* **Instructions to follow**: Using the entries below, write out the line with "Le Sauze Apartment", the line with "502 Bower Avenue Parklands", and every line in between, exactly as each is written.

* **Materials provided**:
____
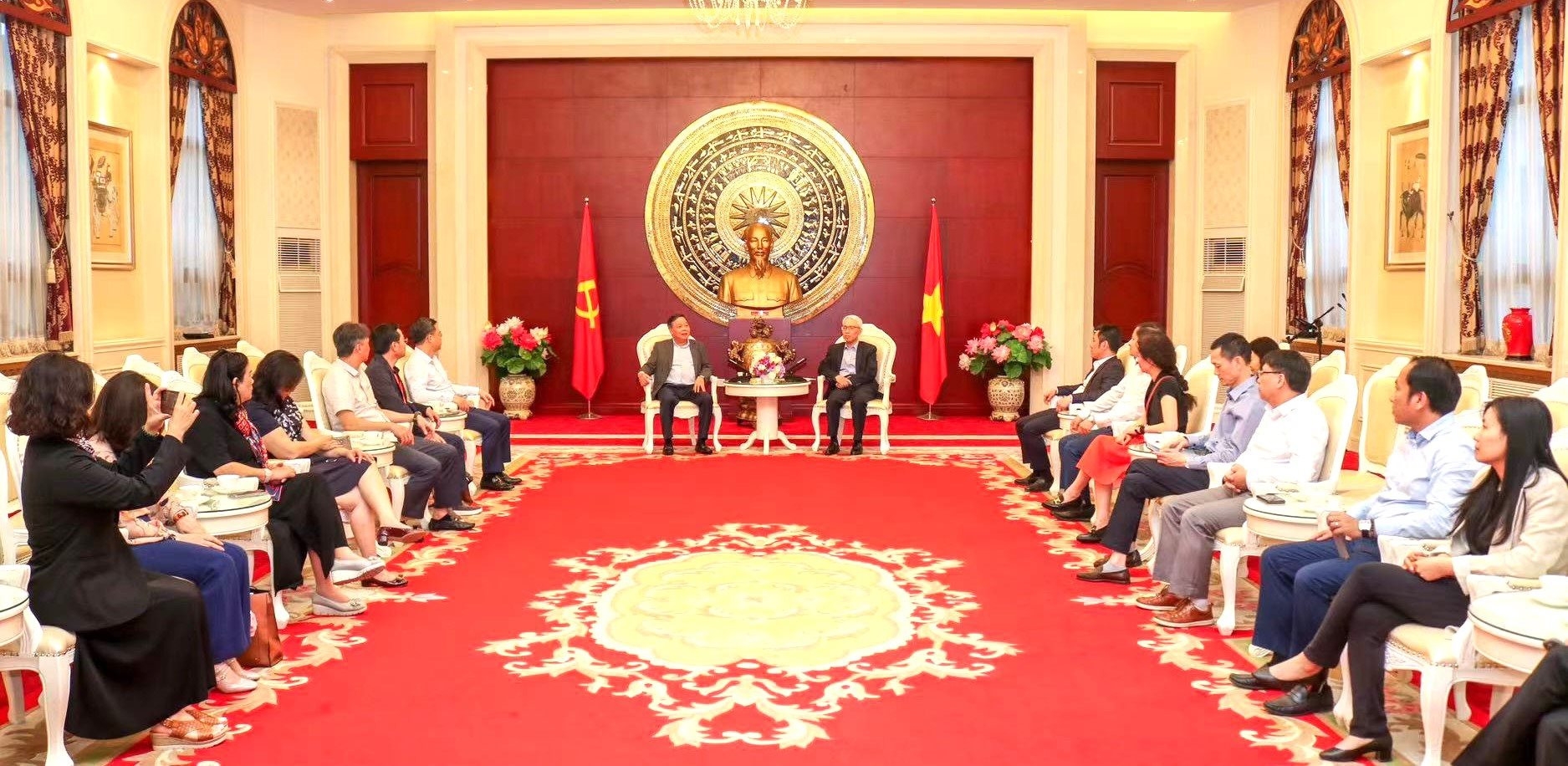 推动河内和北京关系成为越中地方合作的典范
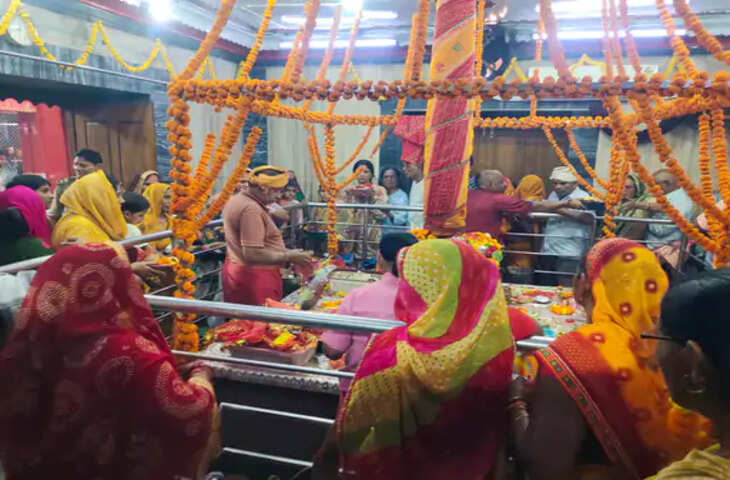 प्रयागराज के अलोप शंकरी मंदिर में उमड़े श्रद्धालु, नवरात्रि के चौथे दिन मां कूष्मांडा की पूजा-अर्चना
____
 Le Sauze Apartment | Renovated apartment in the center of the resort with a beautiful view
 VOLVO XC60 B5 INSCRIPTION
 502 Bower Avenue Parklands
____
* **Answer area**:
 Le Sauze Apartment | Renovated apartment in the center of the resort with a beautiful view
 VOLVO XC60 B5 INSCRIPTION
 502 Bower Avenue Parklands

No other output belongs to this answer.